TASK PROMPT: Each line in the material below, starting at the one that contains "Stethoscope and heart" and ending at the one that contains "Wooden-framed clear board", should be repeated exactly; the pictures should not.

#### DATA FOR THE TASK ####

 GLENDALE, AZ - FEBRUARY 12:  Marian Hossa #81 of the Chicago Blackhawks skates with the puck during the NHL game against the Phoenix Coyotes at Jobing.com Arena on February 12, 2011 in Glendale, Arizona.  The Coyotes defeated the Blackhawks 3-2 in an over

####
#### DATA FOR THE TASK ####

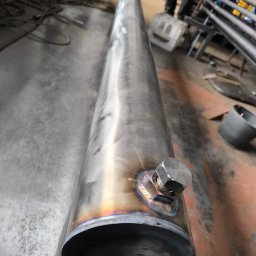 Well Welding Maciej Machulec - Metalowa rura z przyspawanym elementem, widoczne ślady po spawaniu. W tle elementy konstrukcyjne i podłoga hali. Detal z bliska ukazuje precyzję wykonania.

####
#### DATA FOR THE TASK ####

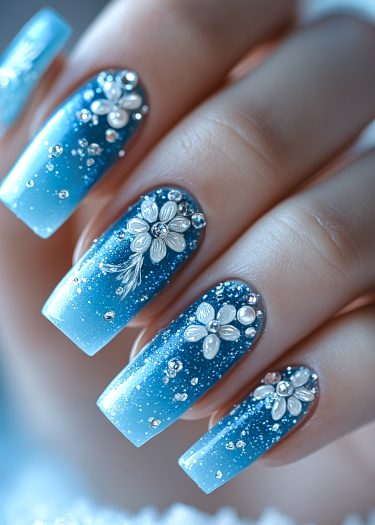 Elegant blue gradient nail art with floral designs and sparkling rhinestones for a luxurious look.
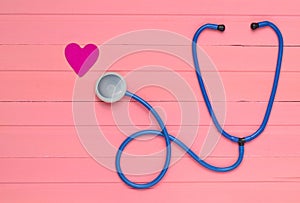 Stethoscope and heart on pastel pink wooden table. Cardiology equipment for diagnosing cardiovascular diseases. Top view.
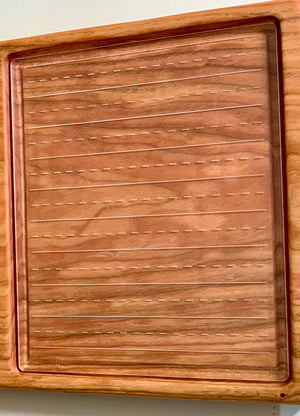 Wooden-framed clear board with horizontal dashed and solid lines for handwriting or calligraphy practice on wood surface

####

RESPONSE TO THIS TASK:
 Stethoscope and heart on pastel pink wooden table. Cardiology equipment for diagnosing cardiovascular diseases. Top view.
 Wooden-framed clear board with horizontal dashed and solid lines for handwriting or calligraphy practice on wood surface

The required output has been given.